What to do – Exactly copy the final stretch of the listing below: the line with "STIHL MS 881" and every line after it.

Records for the exercise –
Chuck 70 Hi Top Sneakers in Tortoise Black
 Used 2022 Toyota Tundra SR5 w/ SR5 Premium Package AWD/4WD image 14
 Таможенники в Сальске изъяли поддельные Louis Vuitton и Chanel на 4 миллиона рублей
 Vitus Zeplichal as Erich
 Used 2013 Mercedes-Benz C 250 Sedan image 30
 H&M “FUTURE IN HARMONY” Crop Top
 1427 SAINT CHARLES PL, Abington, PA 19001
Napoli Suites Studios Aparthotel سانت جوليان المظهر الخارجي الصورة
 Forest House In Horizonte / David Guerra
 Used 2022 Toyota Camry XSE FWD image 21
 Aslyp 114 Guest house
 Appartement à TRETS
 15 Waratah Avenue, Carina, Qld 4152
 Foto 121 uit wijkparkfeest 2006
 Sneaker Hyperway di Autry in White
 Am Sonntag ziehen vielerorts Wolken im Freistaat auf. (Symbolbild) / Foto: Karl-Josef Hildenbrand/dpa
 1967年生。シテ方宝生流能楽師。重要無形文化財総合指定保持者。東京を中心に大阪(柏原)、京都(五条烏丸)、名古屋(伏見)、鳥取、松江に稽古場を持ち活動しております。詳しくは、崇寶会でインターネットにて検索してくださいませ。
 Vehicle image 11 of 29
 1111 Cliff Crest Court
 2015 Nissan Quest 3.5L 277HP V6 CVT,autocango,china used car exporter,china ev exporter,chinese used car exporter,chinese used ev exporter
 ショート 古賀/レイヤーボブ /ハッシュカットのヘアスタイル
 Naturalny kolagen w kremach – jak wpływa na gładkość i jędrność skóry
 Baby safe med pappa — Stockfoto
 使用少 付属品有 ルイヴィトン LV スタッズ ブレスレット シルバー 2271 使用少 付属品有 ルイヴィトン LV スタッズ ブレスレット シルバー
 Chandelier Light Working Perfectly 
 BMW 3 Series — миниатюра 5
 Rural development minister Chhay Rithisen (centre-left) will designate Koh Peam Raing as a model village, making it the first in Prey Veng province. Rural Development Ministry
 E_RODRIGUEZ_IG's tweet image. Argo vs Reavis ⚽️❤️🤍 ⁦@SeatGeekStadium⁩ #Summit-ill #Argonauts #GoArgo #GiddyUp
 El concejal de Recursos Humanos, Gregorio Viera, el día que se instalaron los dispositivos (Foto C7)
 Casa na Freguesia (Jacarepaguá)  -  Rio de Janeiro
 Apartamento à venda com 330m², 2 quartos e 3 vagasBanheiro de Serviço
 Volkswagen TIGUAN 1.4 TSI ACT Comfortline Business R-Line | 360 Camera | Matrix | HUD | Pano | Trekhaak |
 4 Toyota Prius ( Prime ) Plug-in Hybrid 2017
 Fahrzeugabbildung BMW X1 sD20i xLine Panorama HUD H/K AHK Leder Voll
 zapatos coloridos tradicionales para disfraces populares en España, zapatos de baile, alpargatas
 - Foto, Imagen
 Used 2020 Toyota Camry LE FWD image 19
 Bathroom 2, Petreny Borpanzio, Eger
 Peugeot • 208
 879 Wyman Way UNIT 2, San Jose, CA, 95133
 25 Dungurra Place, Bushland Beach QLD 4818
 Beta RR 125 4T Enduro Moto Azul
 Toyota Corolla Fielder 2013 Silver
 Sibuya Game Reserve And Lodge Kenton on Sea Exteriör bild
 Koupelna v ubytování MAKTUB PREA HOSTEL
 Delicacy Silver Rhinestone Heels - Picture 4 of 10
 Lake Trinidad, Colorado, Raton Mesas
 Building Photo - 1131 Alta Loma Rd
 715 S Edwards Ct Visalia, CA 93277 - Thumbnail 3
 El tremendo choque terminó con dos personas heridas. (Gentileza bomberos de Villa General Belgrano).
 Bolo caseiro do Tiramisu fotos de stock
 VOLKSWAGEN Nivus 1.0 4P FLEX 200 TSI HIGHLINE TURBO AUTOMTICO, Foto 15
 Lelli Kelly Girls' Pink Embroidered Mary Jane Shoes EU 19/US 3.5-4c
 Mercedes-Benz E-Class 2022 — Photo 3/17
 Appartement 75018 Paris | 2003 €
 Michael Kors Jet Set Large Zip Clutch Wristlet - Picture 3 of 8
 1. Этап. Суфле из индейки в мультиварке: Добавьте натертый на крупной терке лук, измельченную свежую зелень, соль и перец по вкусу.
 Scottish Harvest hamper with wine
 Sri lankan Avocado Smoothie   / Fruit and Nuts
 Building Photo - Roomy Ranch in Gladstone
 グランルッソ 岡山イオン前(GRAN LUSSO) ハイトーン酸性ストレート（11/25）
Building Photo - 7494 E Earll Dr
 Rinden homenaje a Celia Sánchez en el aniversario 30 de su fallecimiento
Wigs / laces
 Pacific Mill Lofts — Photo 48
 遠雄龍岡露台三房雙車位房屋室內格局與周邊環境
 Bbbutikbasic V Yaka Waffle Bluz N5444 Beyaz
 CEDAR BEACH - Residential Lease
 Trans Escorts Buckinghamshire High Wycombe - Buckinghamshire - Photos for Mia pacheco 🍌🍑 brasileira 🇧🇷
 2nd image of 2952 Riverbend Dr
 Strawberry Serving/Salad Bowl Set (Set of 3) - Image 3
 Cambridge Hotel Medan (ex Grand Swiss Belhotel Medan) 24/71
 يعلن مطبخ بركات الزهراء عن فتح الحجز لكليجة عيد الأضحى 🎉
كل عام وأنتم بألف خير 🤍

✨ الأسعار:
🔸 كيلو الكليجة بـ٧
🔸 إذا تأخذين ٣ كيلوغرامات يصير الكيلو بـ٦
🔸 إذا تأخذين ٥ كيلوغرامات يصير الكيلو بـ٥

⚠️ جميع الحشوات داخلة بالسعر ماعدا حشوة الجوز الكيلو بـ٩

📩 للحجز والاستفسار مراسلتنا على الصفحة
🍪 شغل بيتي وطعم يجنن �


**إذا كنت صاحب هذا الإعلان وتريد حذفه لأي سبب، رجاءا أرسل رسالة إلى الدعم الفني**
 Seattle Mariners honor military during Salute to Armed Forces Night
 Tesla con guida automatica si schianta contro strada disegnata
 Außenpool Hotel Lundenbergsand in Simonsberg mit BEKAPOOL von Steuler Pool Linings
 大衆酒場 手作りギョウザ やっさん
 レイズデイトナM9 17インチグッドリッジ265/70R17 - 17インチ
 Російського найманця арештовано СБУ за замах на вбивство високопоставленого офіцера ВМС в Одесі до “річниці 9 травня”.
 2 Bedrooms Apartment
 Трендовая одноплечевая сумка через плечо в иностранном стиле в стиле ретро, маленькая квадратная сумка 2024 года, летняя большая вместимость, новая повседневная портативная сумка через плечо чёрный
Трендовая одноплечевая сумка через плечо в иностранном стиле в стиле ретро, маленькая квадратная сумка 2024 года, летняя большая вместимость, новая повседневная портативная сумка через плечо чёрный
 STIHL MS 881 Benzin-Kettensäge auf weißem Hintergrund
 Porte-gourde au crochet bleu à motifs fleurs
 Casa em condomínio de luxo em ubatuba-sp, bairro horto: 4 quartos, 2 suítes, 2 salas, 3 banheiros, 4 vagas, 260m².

Solution to this problem –
 STIHL MS 881 Benzin-Kettensäge auf weißem Hintergrund
 Porte-gourde au crochet bleu à motifs fleurs
 Casa em condomínio de luxo em ubatuba-sp, bairro horto: 4 quartos, 2 suítes, 2 salas, 3 banheiros, 4 vagas, 260m².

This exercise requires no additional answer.